Since the iTunes music store opened, Apple has applied copyright protection code to music you buy at the store. In 2007, Apple and EMI reached a deal to sell music without the copyright protection - for an additional fee. You basically couldn't play it on any device except on an authorized device, and ultimately, if they decided to do so, the company would have the ability to shut of your access. Well, yesterday Apple announced it had reached a deal with the other three major music label groups to let people buy 10 million songs from a number of music labels without DRM. So once you own it, you own it.

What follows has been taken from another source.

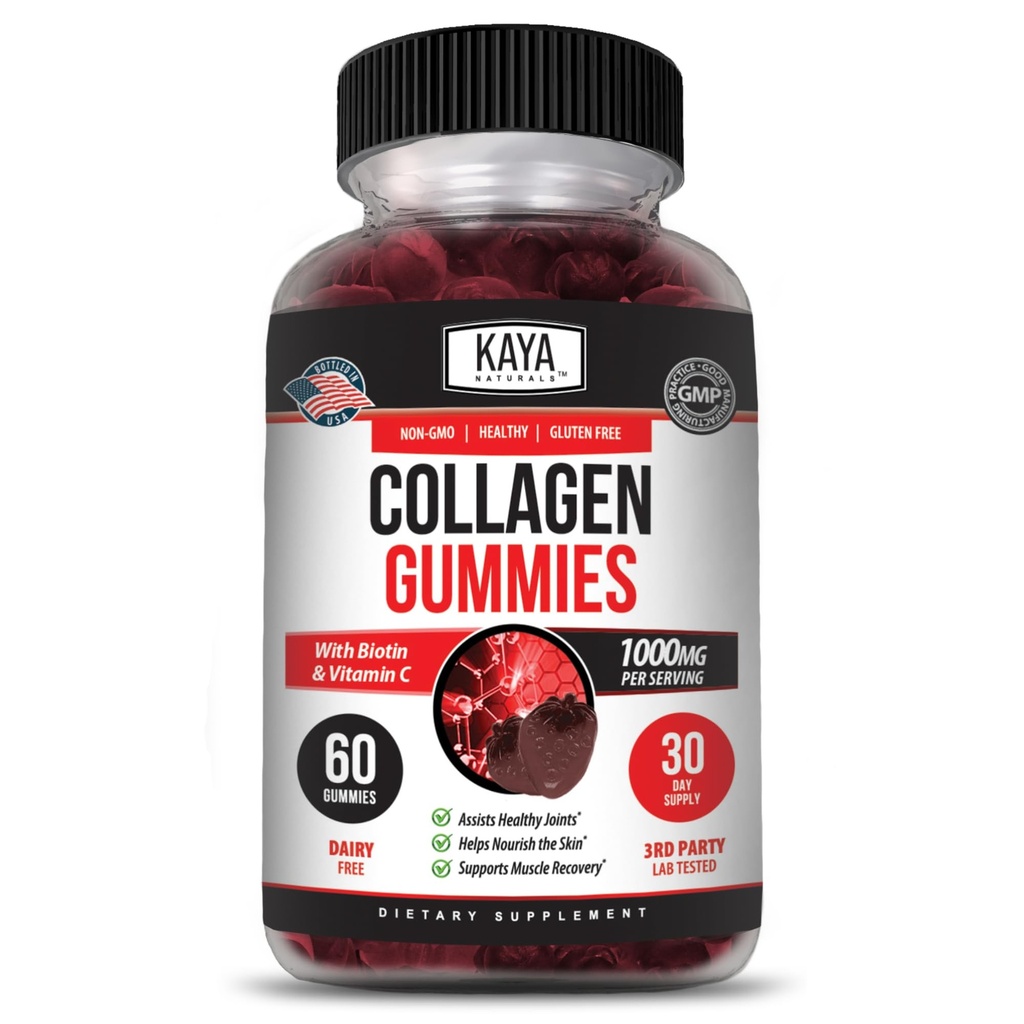 Kaya Naturals Gummies κολλαγόνο για άνδρες και γυναίκες συμπλήρωμα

The company also rolled out a three-tiered pricing plan, pricing tracks at 69 cents, 99 cents or $1.29, rather than all tracks being 99 cents. (As far as I could tell, it hadn't been implemented in the iTunes store as of this morning.) So now Apple has joined other major music stores, such as Amazon.com, in selling DRM-free music.

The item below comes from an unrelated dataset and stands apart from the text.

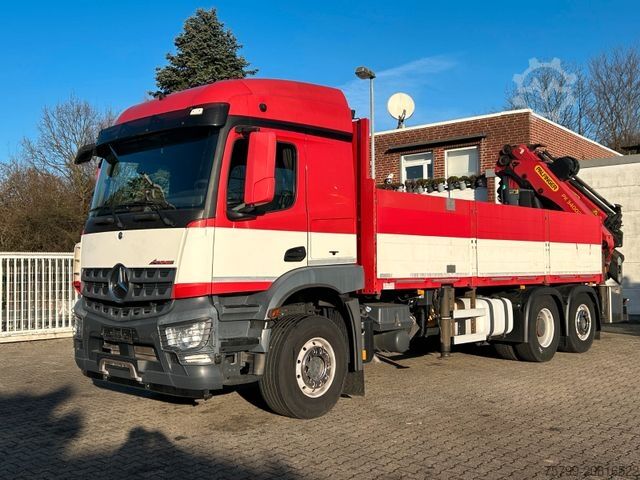 Autokran MERCEDES-BENZ 2543 Pritsche + PK34002SH Kran + Seilwinde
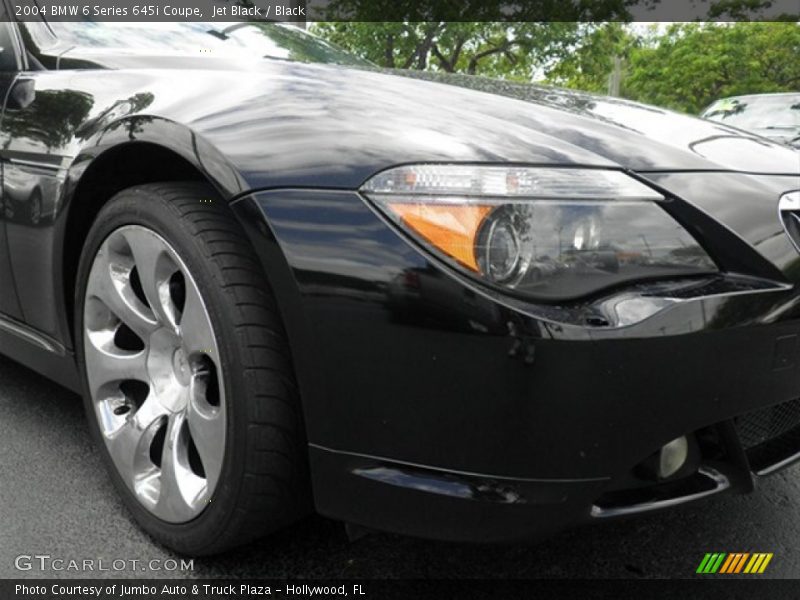 Jet Black / Black 2004 BMW 6 Series 645i Coupe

There are of course, catches. You can upgrade all the tunes you have bought on iTunes before now, too - but it will cost you 30 cents per song for the upgrade.
That has some folks, like Erick Shoenfeld at TechCrunch, calling it the
$1.8 billion Apple tax.
But it ends an era online - an era that spawned Napster and other peer-to-peer networks, and nearly spelled the death of the slow-to-accept-the-need-for-change music industry. We'll have to see what the new, DRM-free music means for them - but for users, it can be summed up in three words.
It's about time.
Apple is also now letting iPhone users buy songs (under 10MB) over 3G connections (and EDGE connections, if you *really* have time on your hands.)
Apple also made a few other announcements. The company rolled out updates to iPhoto, iMovie and iWork software, and announced a 17-inch version of the new Macbook Pros they released late last year.